Der Mühle und ihrem Kleinkraftwerk galt kürzlich eine Exkursion des Natur- und Vogelschutzvereins Lengnau. Schliesslich ist spätestens angesichts der Diskussion um den Ausstieg aus der Atomenergie das Interesse an Klein- und Kleinstkraftwerken stark gewachsen. Zudem ist die Zukunft des Kleinkraftwerkes an der Surb -- im Gefolge der Konzessionserneuerung -- etwas ungewiss geworden. Auch von daher stösst die Anlage auf Interesse. Schliesslich trägt Lengnau das Label «Energiestadt». Willi Müller vom Natur- und Vogelschutzverein konnte jedenfalls eine beachtliche Schar Interessierter begrüssen.

Auf der Surbbrücke erklärt Lienhard Suter die Funktion des Wehrs, über das der Zufluss des Wassers zum kurzen Oberwasserkanal und damit auf die Turbine geregelt wird.

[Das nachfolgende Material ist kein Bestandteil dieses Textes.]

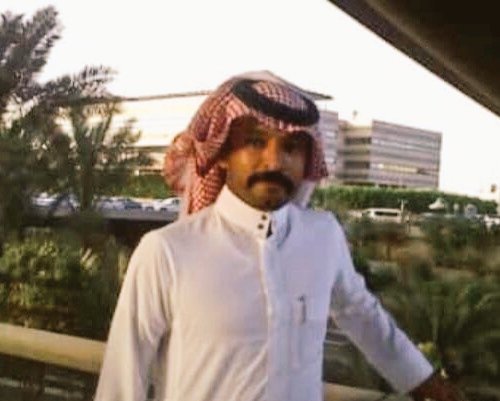 إستشهد هذا اليوم أحد أبطالنا المرابطين في #الحد_الجنوبي بمنطقة #نجران . .
وهو البطل - منصور ال عامر الوادعي 

سائلين الله أن يتغمده بواسع رحمته وأن يتقبله في الشهداء . .
تعازينا لذوية وقبيلة آل عامر وكل محبيه . .
ولاتنسوه من صالح دعائكم . .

An diesem Wehr – und an der Restwassermenge, die nach Ansicht des Kantons von bisher 50 Liter pro Sekunde auf 130 Liter erhöht werden soll -- scheiden sich sozusagen nicht bloss die Wasser, sondern auch die Geister. 2007 lief die Konzession für das Kleinkraftwerk aus. Das Gesuch für die Erneuerung stiess beim Kanton auf Widerstand. 2009 verfügte der Kanton den Abbruch des Wehrs. Das hätte dem Kraftwerk den Todesstoss gegeben. In Lengnau formierte sich eine Interessengemeinschaft für den Erhalt des Kleinkraftwerks. Diese Interessengemeinschaft erhob Einsprache gegen die Verfügung des Kantons. Zurzeit liegt ein überarbeitetes Gesuch für das Kleinkraftwerk beim Kanton. Dieses Gesuch sieht unter anderem einen Ersatz des Wehrs durch eine halbautomatische Anlage vor.

«Mit dem halbautomatischen Wehr ist der Hochwasserschutz gewährleistet», betont Bruno Jeggli von der Interessengemeinschaft. «Aber auch das bestehende Wehr weist bei Hochwasser genügend Schluckvermögen auf. Das Problem ist das Schwemmholz, das sich am Mittelpfeiler der Brücke ansammelt. Daher soll es ja auch eine neue Brücke ohne Mittelpfeiler geben.» Im Gegensatz zum halbautomatischen Wehr erfordert die bestehende Anlage eine stetige Präsenz. «Das hat aber immer funktioniert», stellt Lienhard Suter fest. «Wir haben die nötige Erfahrung und Routine. Wir wissen, dass eine bis anderthalb Stunden nach einem starken Niederschlag an der Lägern das Wasser kommt.»

Teil des Dorfbilds

«Die Mühle und ihr Kraftwerk haben einen wichtigen Stellenwert, wenn es um den Erhalt des Ortsbildes geht», erklärt Bruno Jeggli. «Das Ensemble steht denn auch unter Ortsbildschutz.» Das soll so bleiben. «Wir wollen uns für den Erhalt des Kleinkraftwerkes unter Berücksichtigung des Hochwasserschutzes einsetzen», betont Bruno Jeggli. Nicht nur bei der IG hat man sich daher gewundert, dass das Ensemble plötzlich nicht mehr unter Schutz stehen soll.

Seit Kurzem befasst sich eine Arbeitsgruppe, der Gemeindeammann Kurt Schmid, Mario Schönenberger von der IG Erhalt des Kleinkraftwerks, Fischereiaufseher Adolf Bolliger und ein Vertreter des Kantons angehören, mit der Zukunft des kleinen Wasserkraftwerks. «Ziel ist der Erhalt der Anlage», erklärt Lienhard Suter. «Es gibt dazu verschiedene Varianten.» Und Othmar Suter sagt: «Man sucht einen Konsens.»